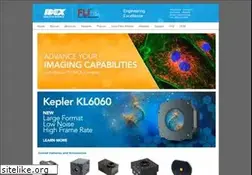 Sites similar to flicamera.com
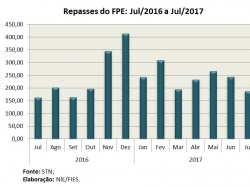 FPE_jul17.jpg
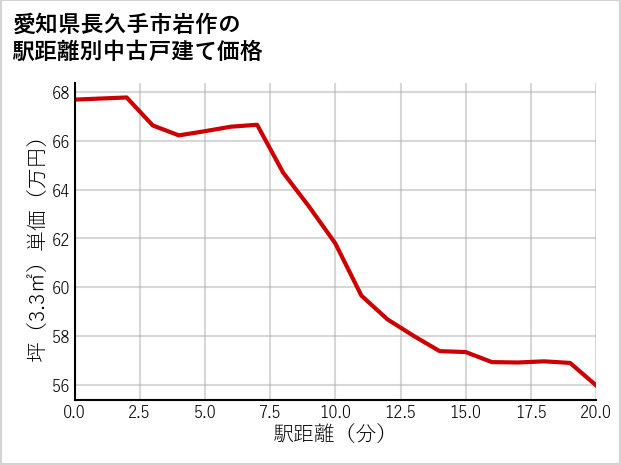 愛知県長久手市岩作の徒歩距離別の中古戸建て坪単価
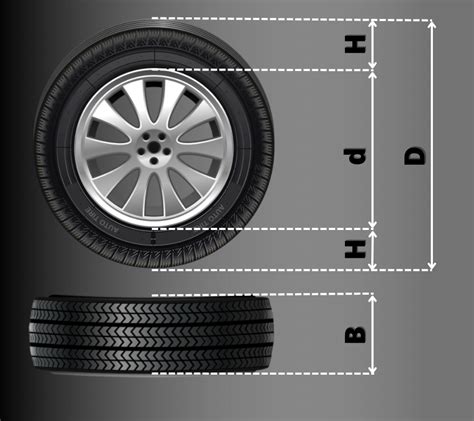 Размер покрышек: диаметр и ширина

--

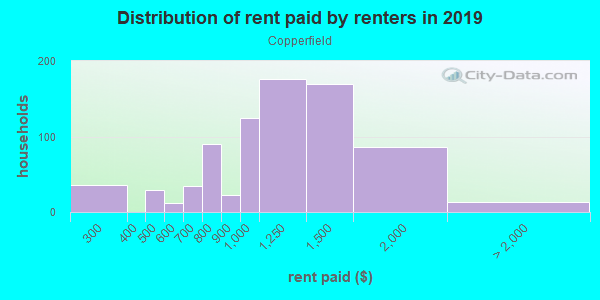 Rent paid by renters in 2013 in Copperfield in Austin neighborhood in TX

...

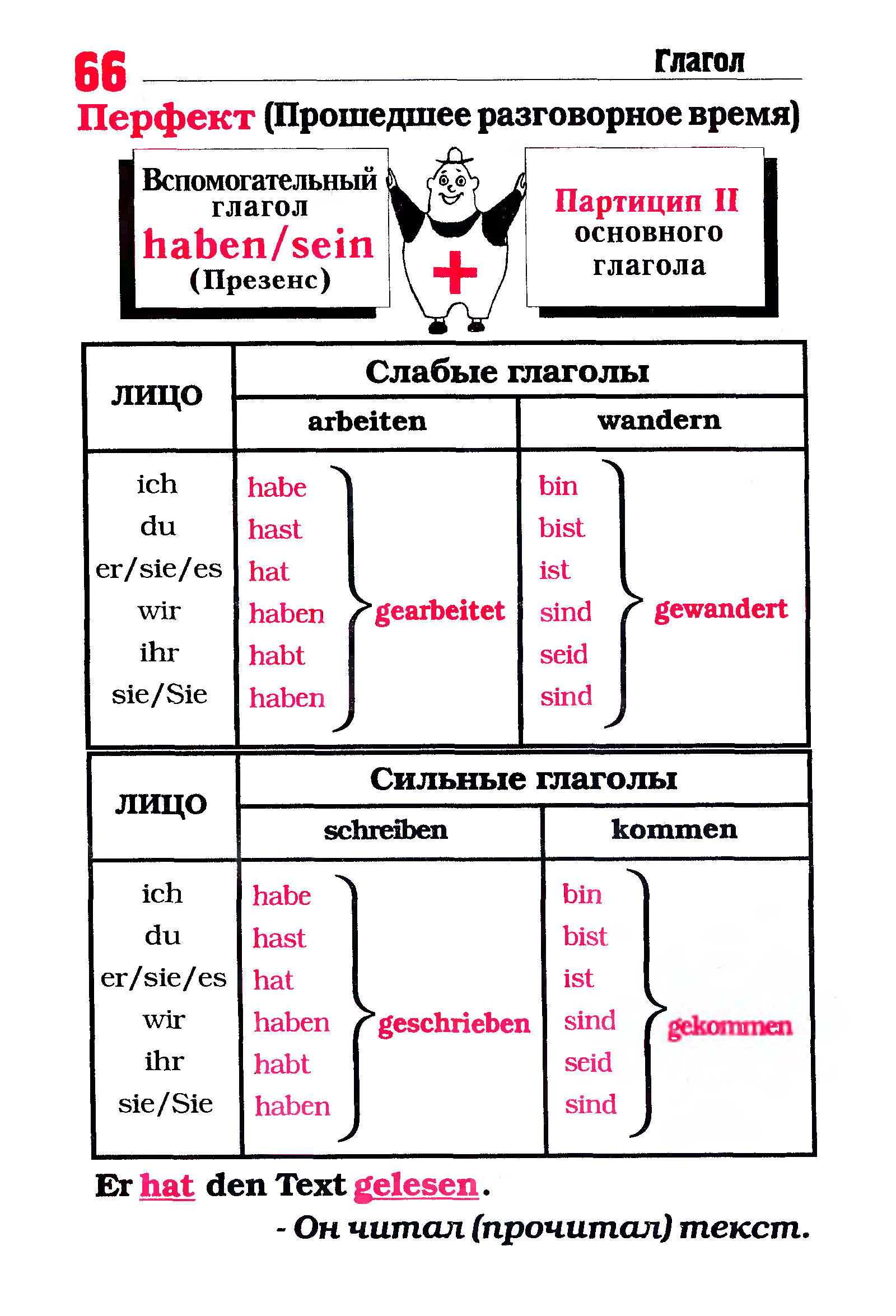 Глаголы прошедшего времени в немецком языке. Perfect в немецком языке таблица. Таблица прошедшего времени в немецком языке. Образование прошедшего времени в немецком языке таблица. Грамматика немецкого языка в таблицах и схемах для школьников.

Task directions — Copy exactly the lines of the entries above from the one containing "FPE_jul17.jpg" through the one containing "Размер покрышек: диаметр и ширина". Both end lines count; pictures do not.

Written solution —
 FPE_jul17.jpg
 愛知県長久手市岩作の徒歩距離別の中古戸建て坪単価
 Размер покрышек: диаметр и ширина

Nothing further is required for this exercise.